Putting together the documentary series was a vast undertaking for its producers. Given a timetable of 14 months in which to complete the project, executive producer Doug Netter (“The Sacketts”) and producer John Copland decided to narrow their focus to the 30-year period after the Civil War. Because they were novices in the documentary field, they brought in co-producer Jamie Smith, a 15-year veteran.
“Assisting Jamie were four full-time researchers,” Netter says. “We divided all the museums and historical societies into four sections. We simultaneously put in a new visual data base which could receive photographs in the data base and catalogue them. There are over 12,000 photographs in that data base.”
More than 3,500 photographs were used in the documentary, which is divided into such topics as “Cowboys,” “Settlers,” “Gunfighters,” “Indians” and “Soldiers.”

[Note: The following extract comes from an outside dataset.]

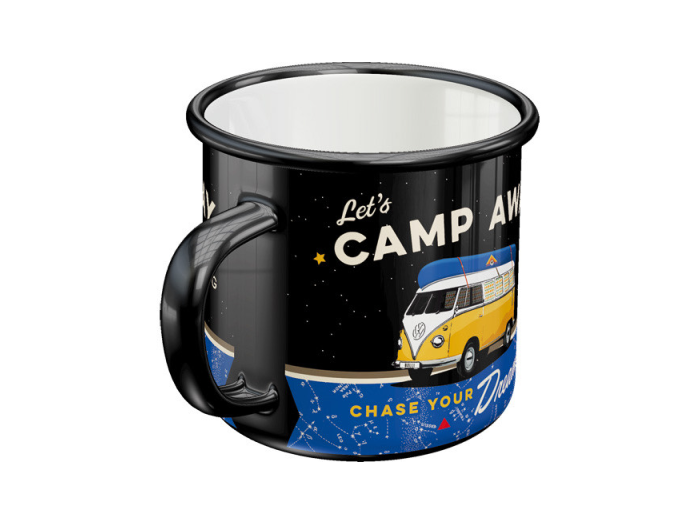 image_123650291 image_123650291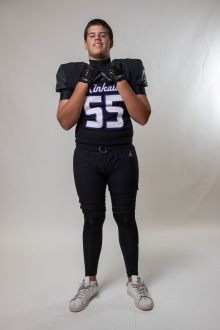 Football-White-Background-37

“ ‘The Civil War’ used 1,200 images for all of their 10 hours,” Copland says. “They repeated a lot of images. Soldiers look like soldiers, but in dealing with 30 years of history, we knew we were going to be a lot broader.”
In order to personalize the stories, Netter says, “we tried to access as many of the letters, diaries, anything of the written word, that we could find so we could attempt in every instance to personalize the story.”
Netter didn’t want to take the romance out the West: “I love all of those John Wayne movies. But at the same time, we tried to separate fact from fiction.”
“The Wild West” airs Monday-Thursday at 8 p.m. and March 28 at 8 p.m. on KCOP; weekdays through April 3 at 12:30 a.m. on XETV.